== Material for this exercise ==
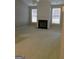 Spacious living room featuring a fireplace, neutral carpet, and bright windows at 175 Camry Ln, Grayson, GA 30017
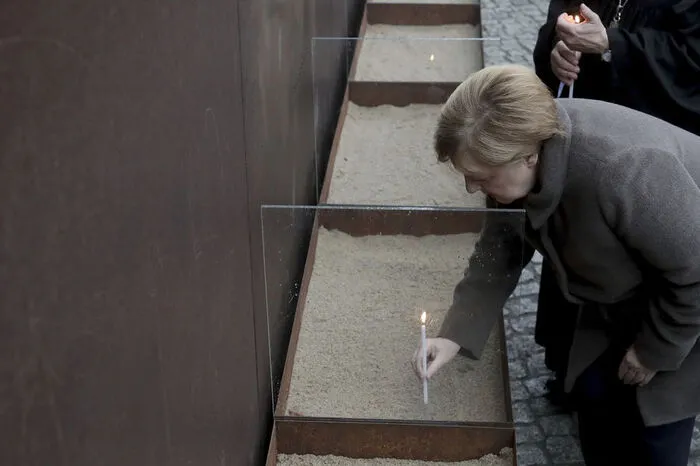 Bundeskanzlerin stellt eine Kerze am Mauer-Denkmal auf.
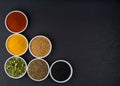 A variety of Asian spices in ceramic bowls top view Royalty Free Stock Photo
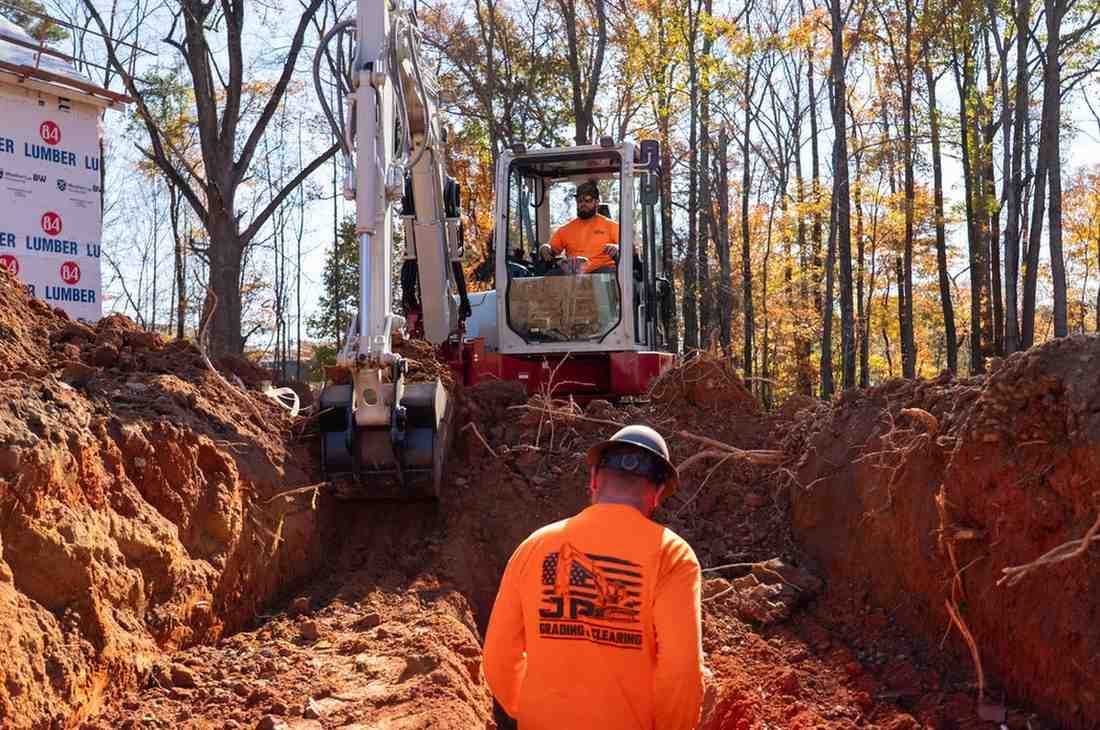 Two construction workers, one in an excavator and another watching from a trench, prepare a new home site.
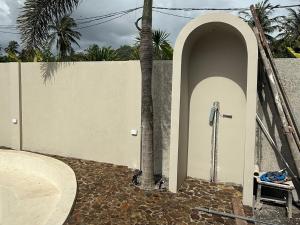 een muur met een boog naast een palmboom bij ZENARA lombok in Kuta Lombok +5 foto's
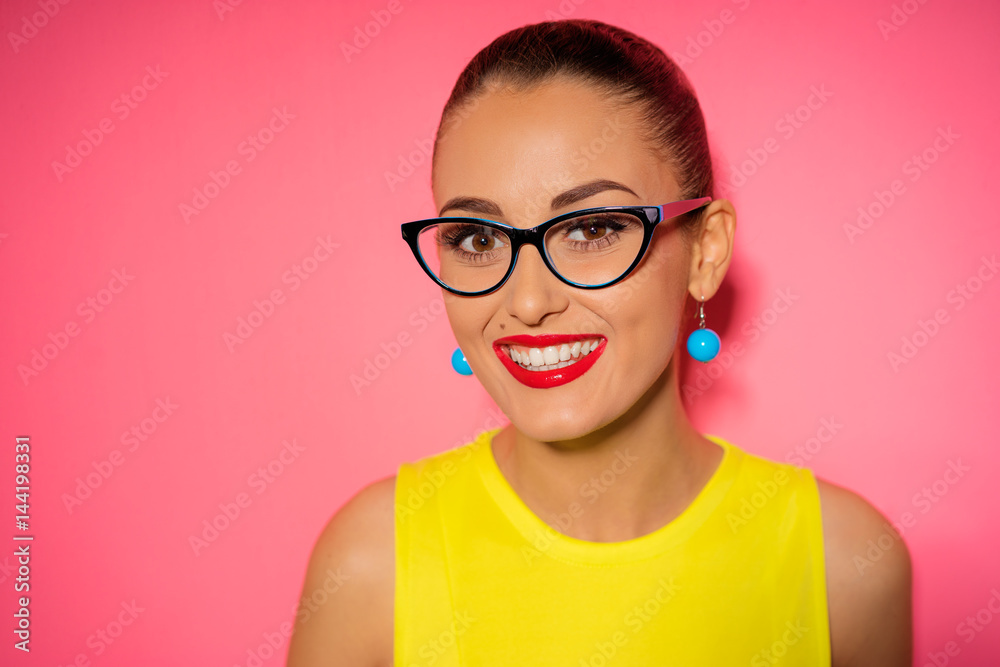 Beautiful smiling woman in glasses over pink background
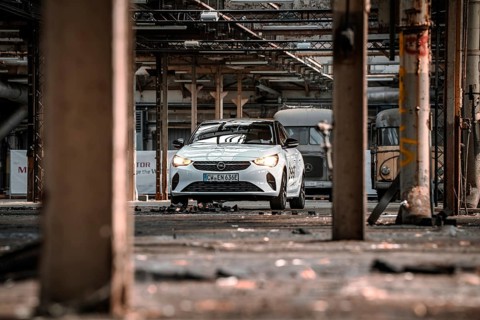 A car is parked in an empty, structured factory building, accentuated by light and shadow, Deer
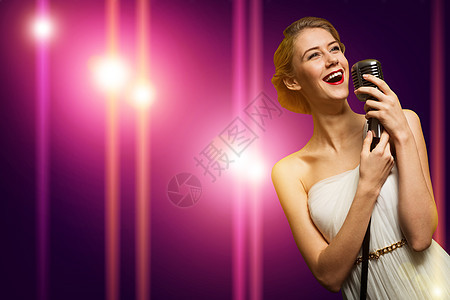 具有麦克风的有吸引力的女性歌手播音员俱乐部乐队卷曲星星演员戏剧性唱歌享受夜店图片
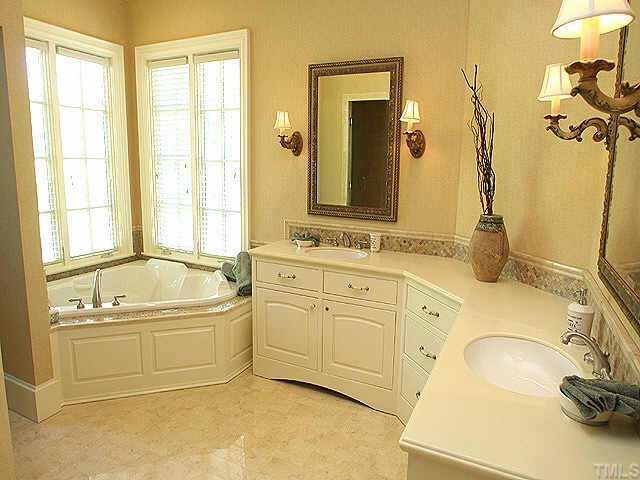 1059 Grayson Road Creedmoor, NC 27522 - Photo 6 of 12 Master Bath Features Jacuzzi Tub, Marble Floor, Double Vanities & Heavy Trim.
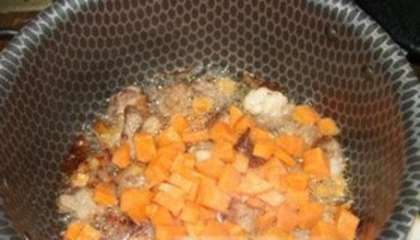 Нарежьте кубиками морковь и добавьте в казан к мясу.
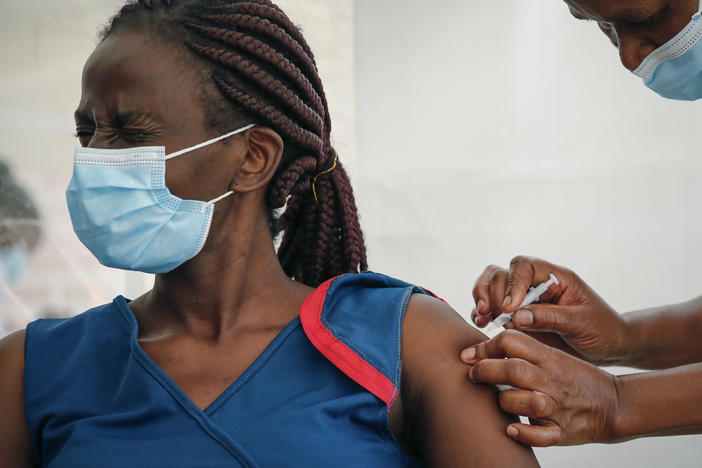 A front-line worker in Kenya receives a shot of the AstraZeneca COVID-19 vaccine. African Family Holistic Health Organization in Portland, Ore., hopes that the work it does in the U.S. will help curb vaccine misinformation back in Africa.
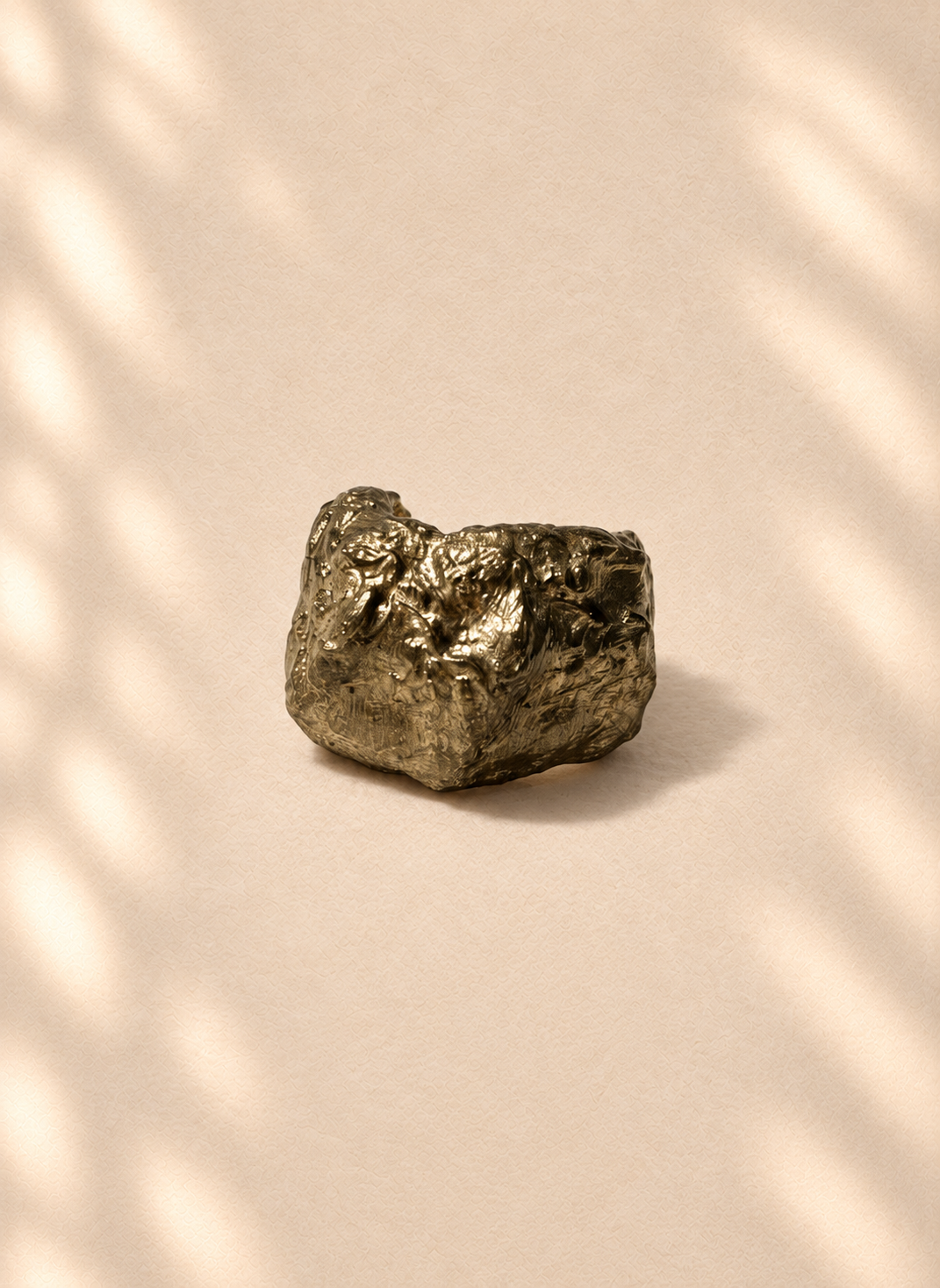 Gilded Core — Sculptural Paper Ring product only on warm cream background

== What you have to do ==
Copy the listing above exactly, but only from the line with "Нарежьте кубиками морковь" through the line with "A front-line worker", including those two lines and excluding any picture.

== Result of this exercise ==
 Нарежьте кубиками морковь и добавьте в казан к мясу.
 A front-line worker in Kenya receives a shot of the AstraZeneca COVID-19 vaccine. African Family Holistic Health Organization in Portland, Ore., hopes that the work it does in the U.S. will help curb vaccine misinformation back in Africa.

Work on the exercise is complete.